[Dataset excerpts]
·····

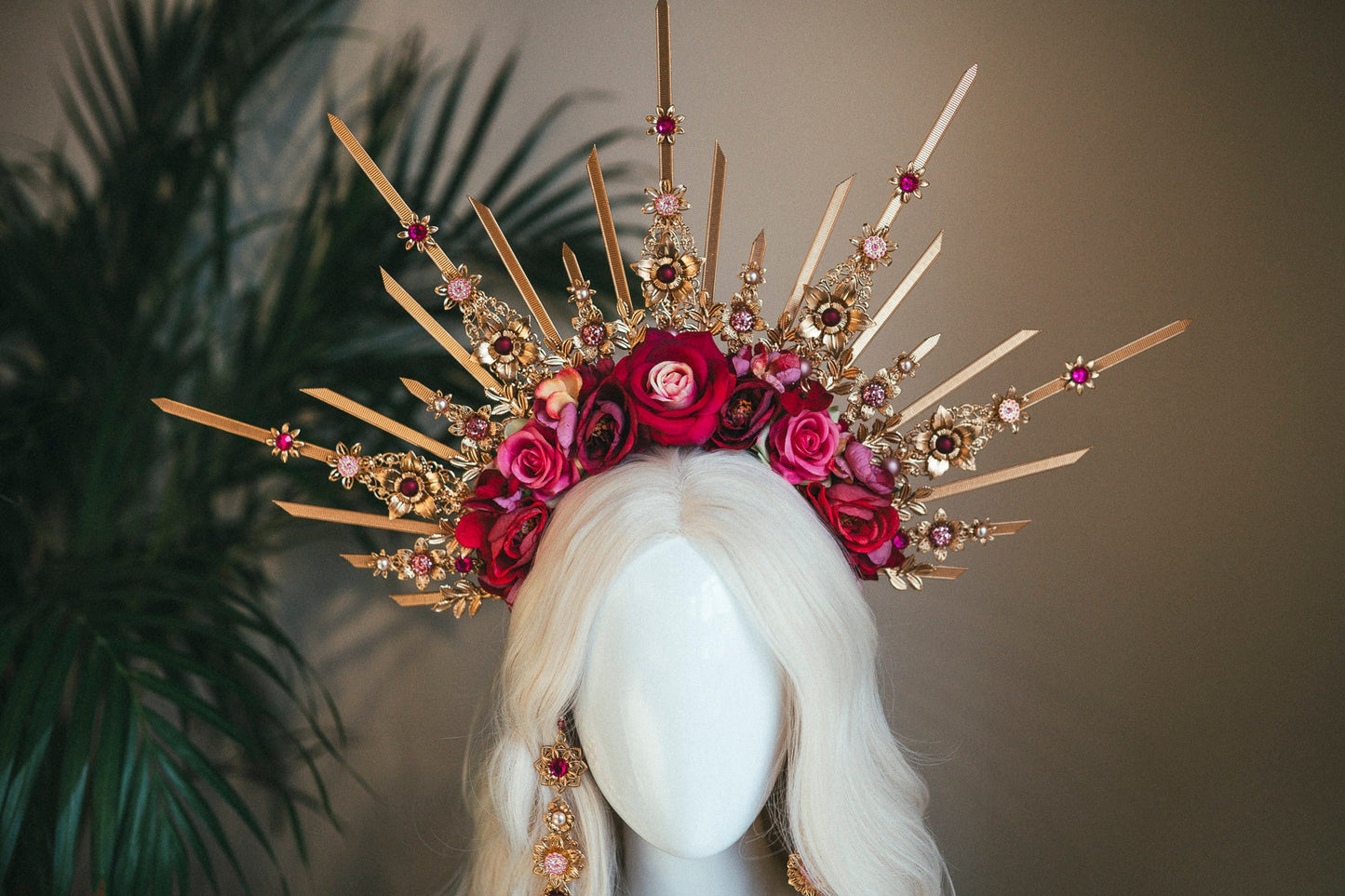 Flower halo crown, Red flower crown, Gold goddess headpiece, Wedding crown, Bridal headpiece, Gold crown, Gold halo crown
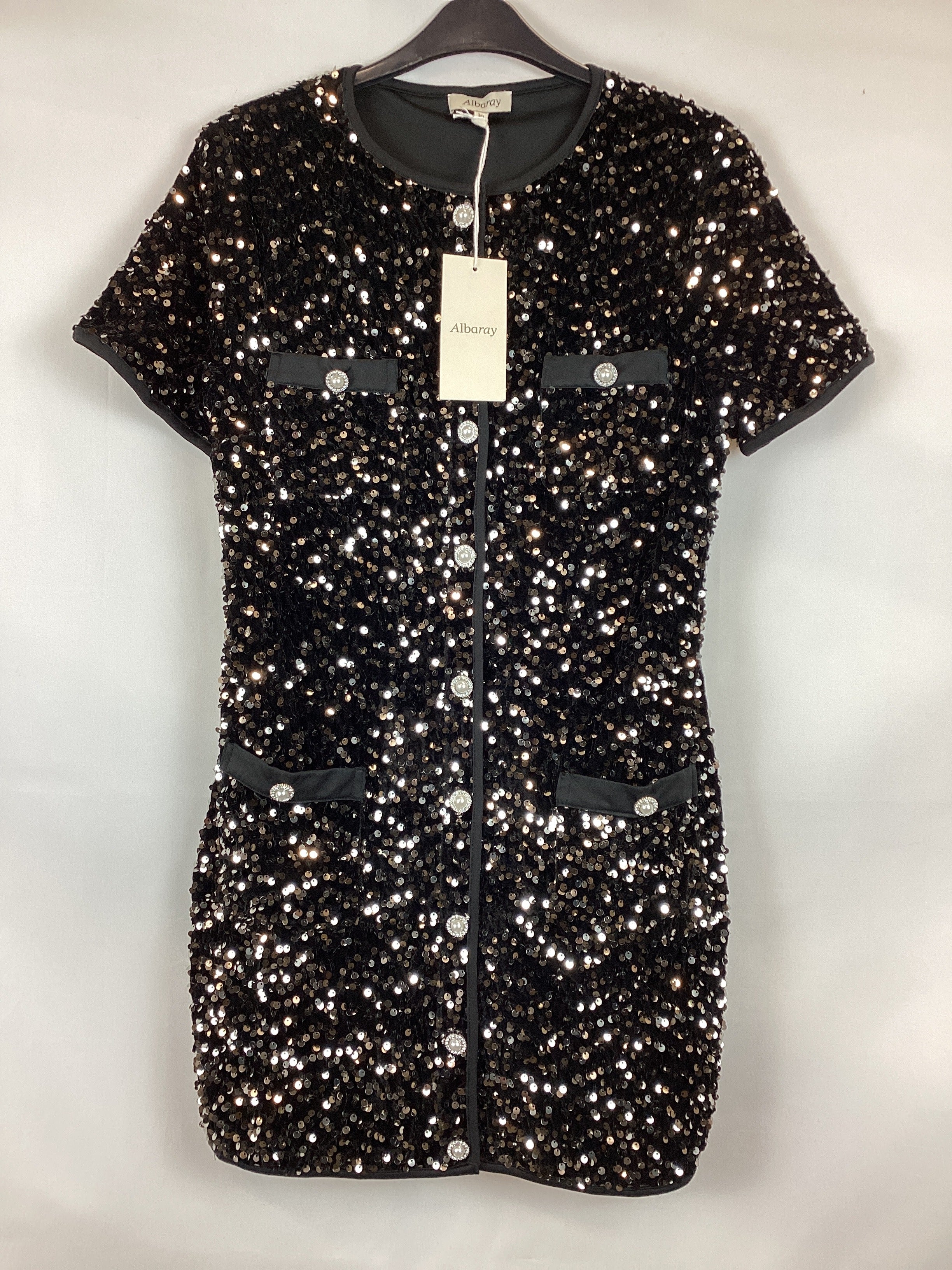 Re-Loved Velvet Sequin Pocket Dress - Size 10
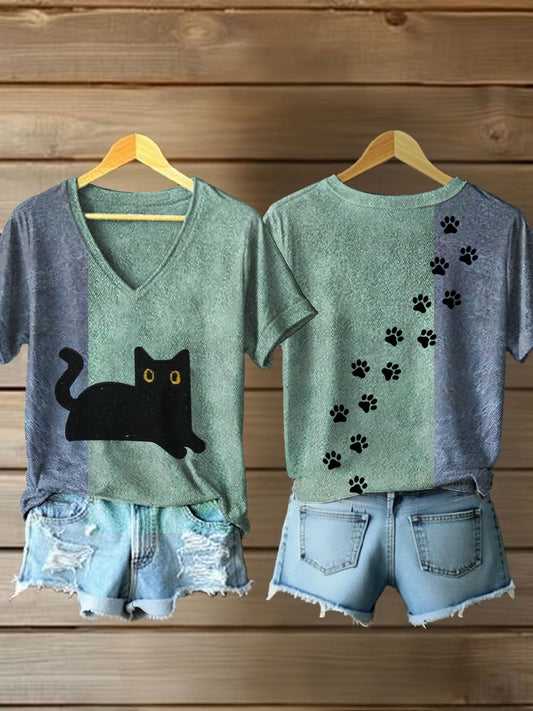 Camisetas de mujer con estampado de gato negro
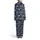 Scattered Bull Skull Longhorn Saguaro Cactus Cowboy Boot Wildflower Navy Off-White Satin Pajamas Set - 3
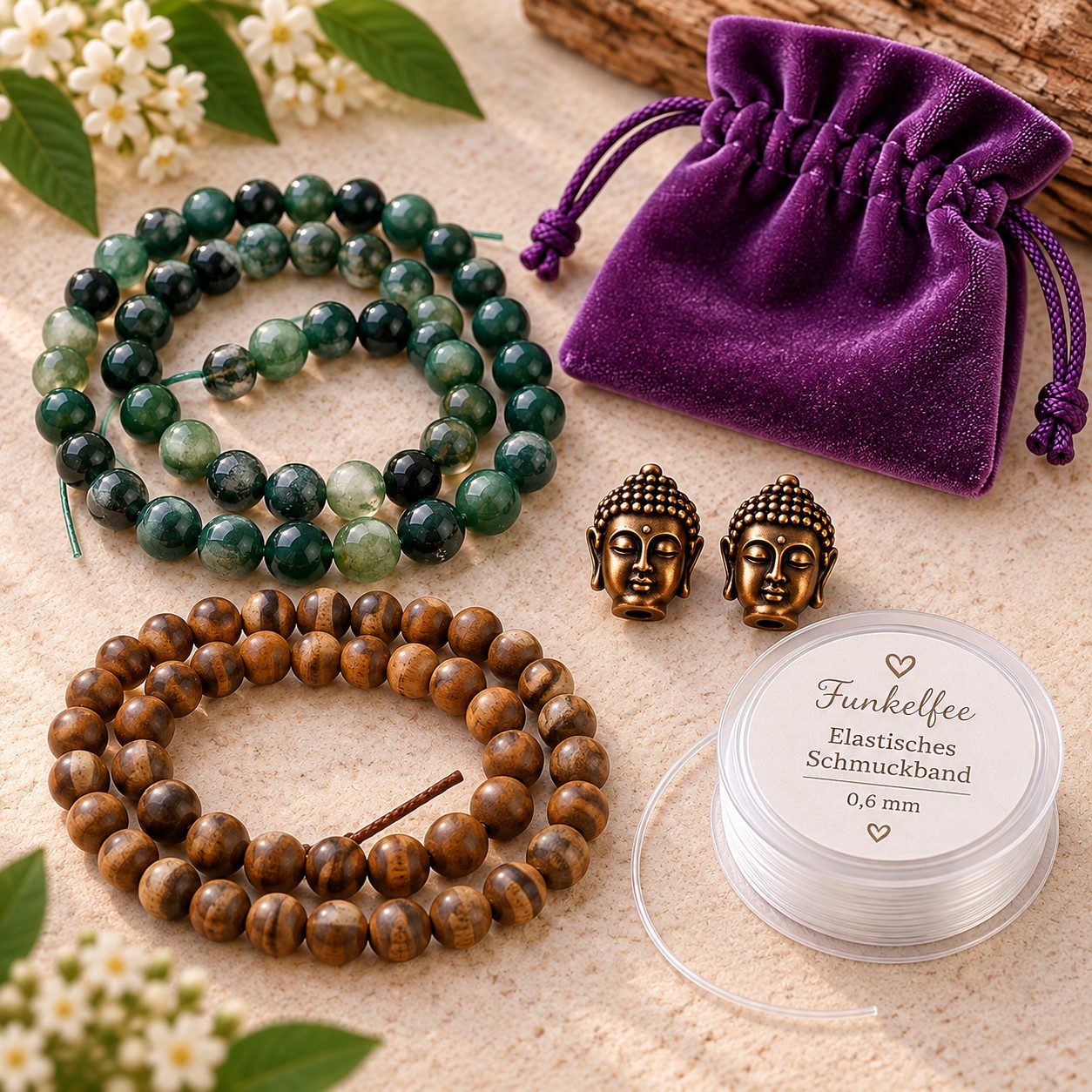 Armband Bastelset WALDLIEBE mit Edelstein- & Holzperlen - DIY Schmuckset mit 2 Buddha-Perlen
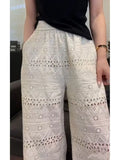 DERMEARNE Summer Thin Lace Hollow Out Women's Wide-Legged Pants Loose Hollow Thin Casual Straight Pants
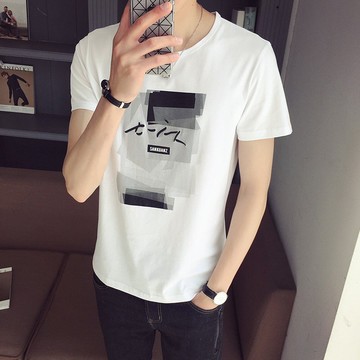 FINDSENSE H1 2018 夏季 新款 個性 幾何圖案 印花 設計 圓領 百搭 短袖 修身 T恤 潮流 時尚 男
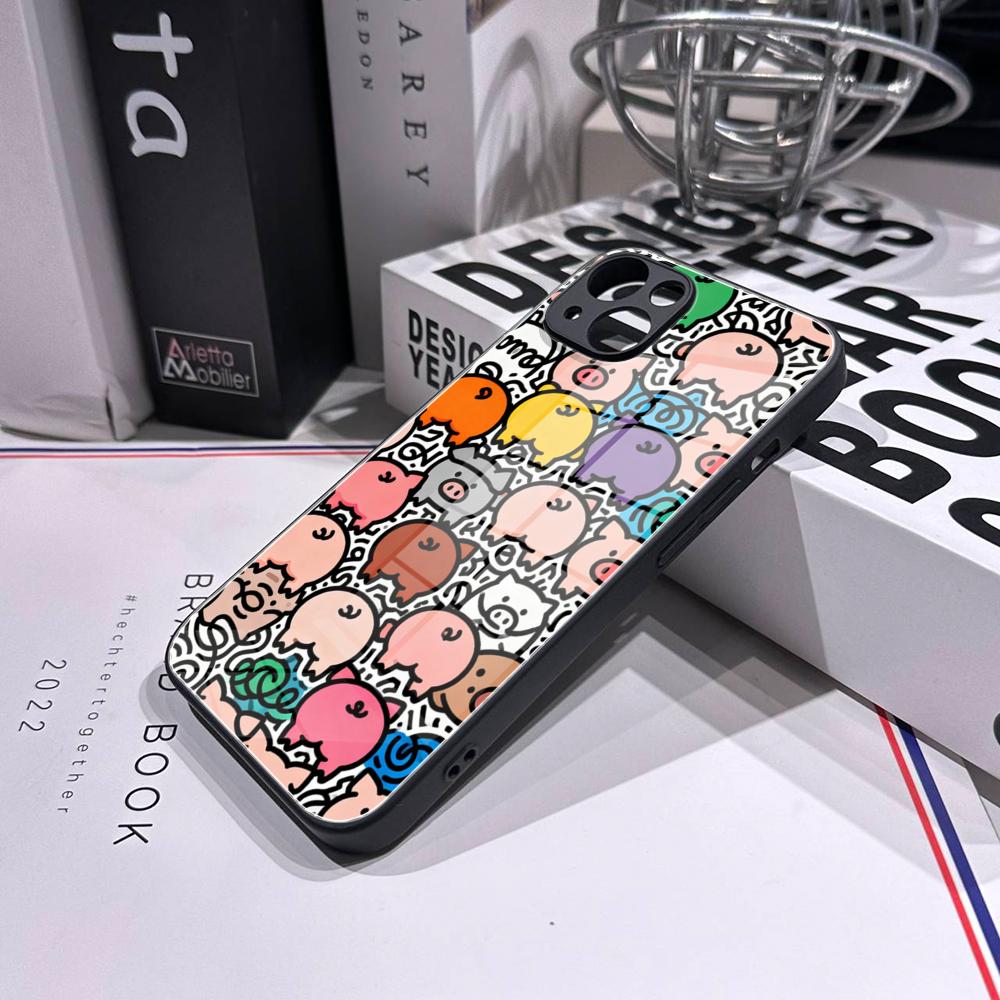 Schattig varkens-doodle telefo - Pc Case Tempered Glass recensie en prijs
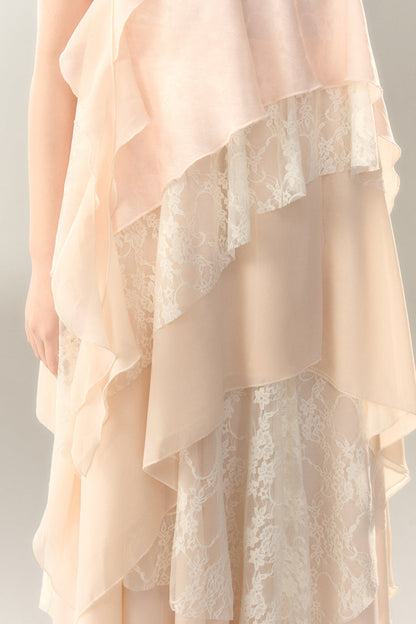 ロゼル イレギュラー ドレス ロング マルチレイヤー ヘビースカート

·····

WHAT NEEDS TO BE DONE: Take the lines from the first line of the entries through the line with "Armband Bastelset WALDLIEBE", inclusive, and give them again exactly, minus any pictures.

RESULT BELOW:
 Flower halo crown, Red flower crown, Gold goddess headpiece, Wedding crown, Bridal headpiece, Gold crown, Gold halo crown
 Re-Loved Velvet Sequin Pocket Dress - Size 10
 Camisetas de mujer con estampado de gato negro
 Scattered Bull Skull Longhorn Saguaro Cactus Cowboy Boot Wildflower Navy Off-White Satin Pajamas Set - 3
 Armband Bastelset WALDLIEBE mit Edelstein- & Holzperlen - DIY Schmuckset mit 2 Buddha-Perlen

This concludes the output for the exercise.